## Aim of the task
Keep the pictures out and restate every record exactly.

## Data for this exercise

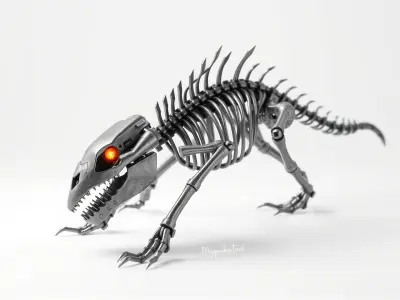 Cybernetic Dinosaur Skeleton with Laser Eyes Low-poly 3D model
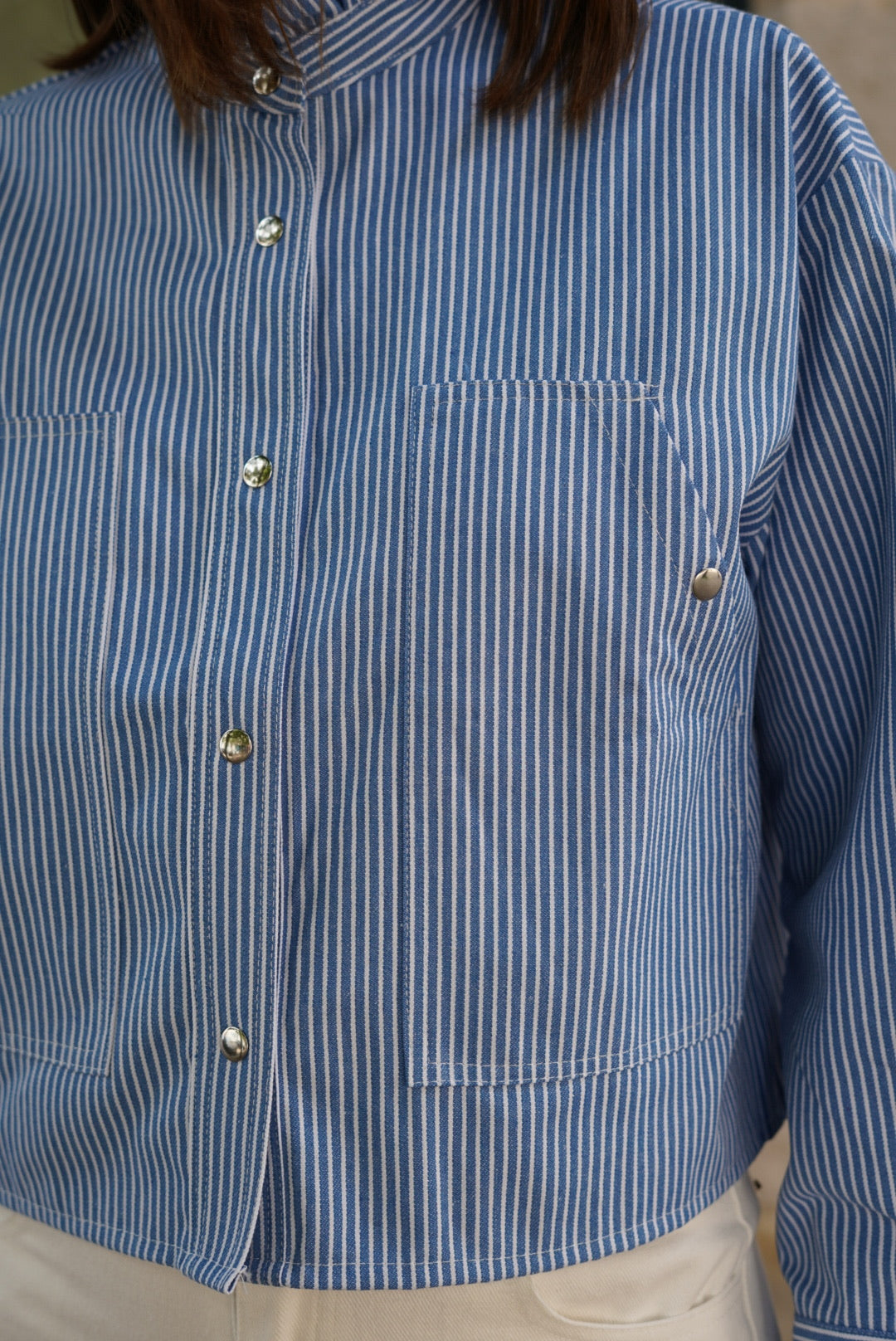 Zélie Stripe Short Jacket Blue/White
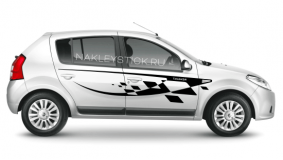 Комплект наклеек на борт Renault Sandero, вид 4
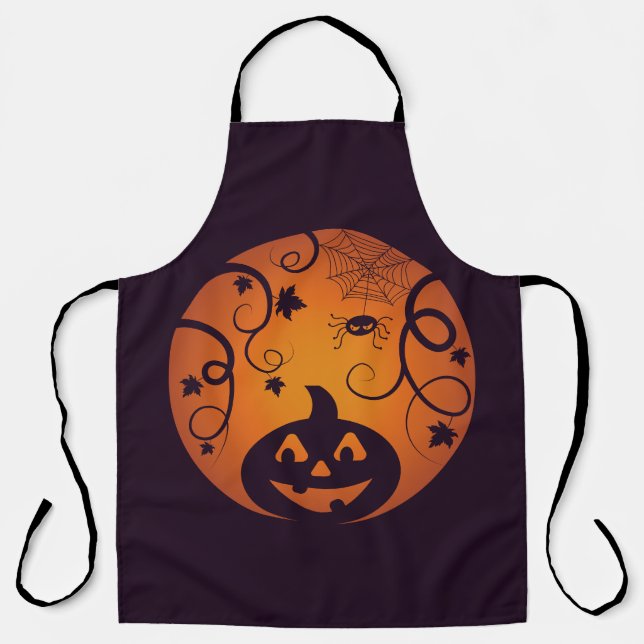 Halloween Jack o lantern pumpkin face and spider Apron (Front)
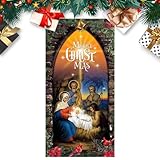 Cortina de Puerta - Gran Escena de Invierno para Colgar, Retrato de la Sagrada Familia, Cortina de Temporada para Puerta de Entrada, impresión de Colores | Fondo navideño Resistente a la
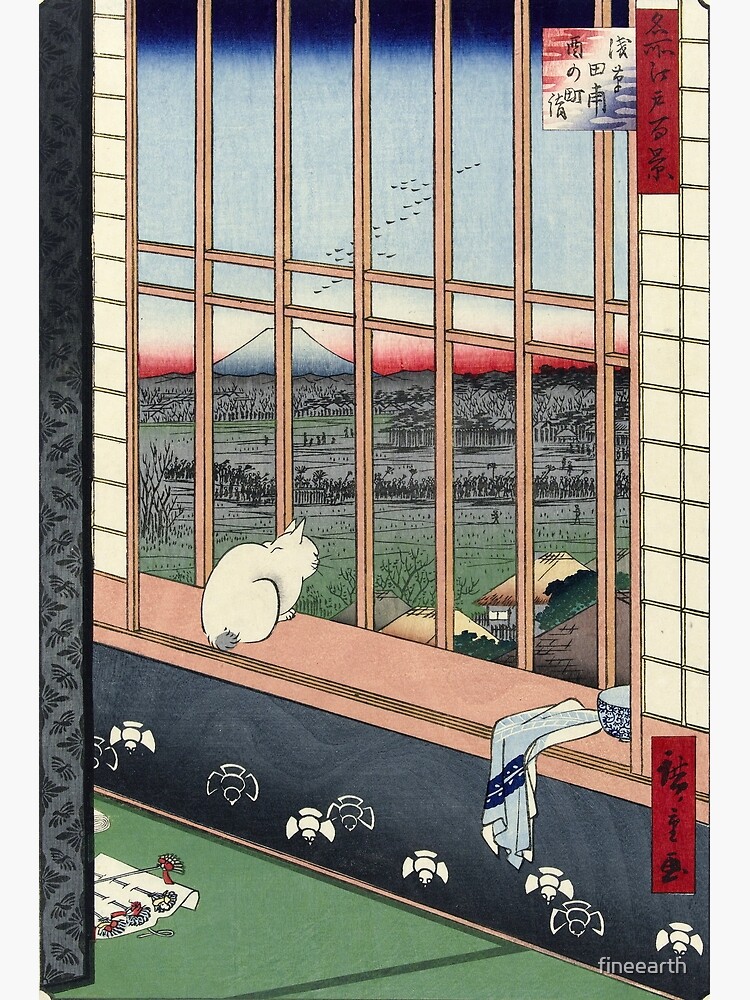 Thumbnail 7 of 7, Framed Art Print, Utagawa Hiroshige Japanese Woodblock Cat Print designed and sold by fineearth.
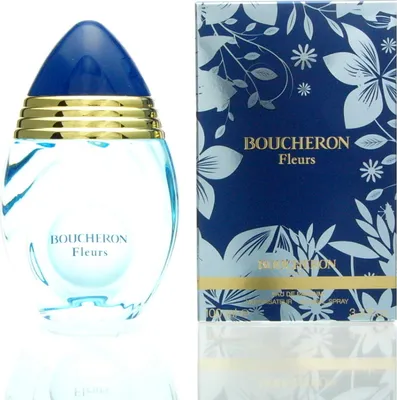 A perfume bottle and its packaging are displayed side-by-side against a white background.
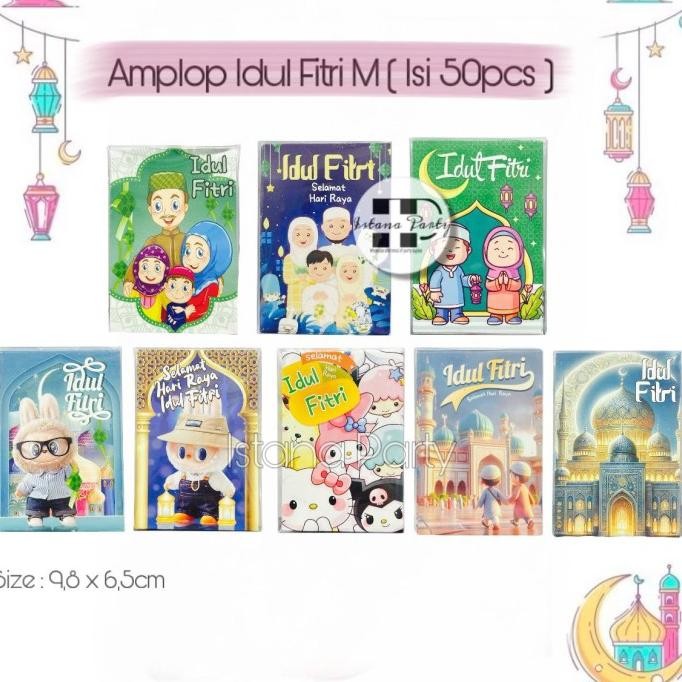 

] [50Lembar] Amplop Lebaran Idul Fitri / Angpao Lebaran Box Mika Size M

## Your solution
 Cybernetic Dinosaur Skeleton with Laser Eyes Low-poly 3D model
 Zélie Stripe Short Jacket Blue/White
 Комплект наклеек на борт Renault Sandero, вид 4
 Halloween Jack o lantern pumpkin face and spider Apron (Front)
 Cortina de Puerta - Gran Escena de Invierno para Colgar, Retrato de la Sagrada Familia, Cortina de Temporada para Puerta de Entrada, impresión de Colores | Fondo navideño Resistente a la
 Thumbnail 7 of 7, Framed Art Print, Utagawa Hiroshige Japanese Woodblock Cat Print designed and sold by fineearth.
 A perfume bottle and its packaging are displayed side-by-side against a white background.

] [50Lembar] Amplop Lebaran Idul Fitri / Angpao Lebaran Box Mika Size M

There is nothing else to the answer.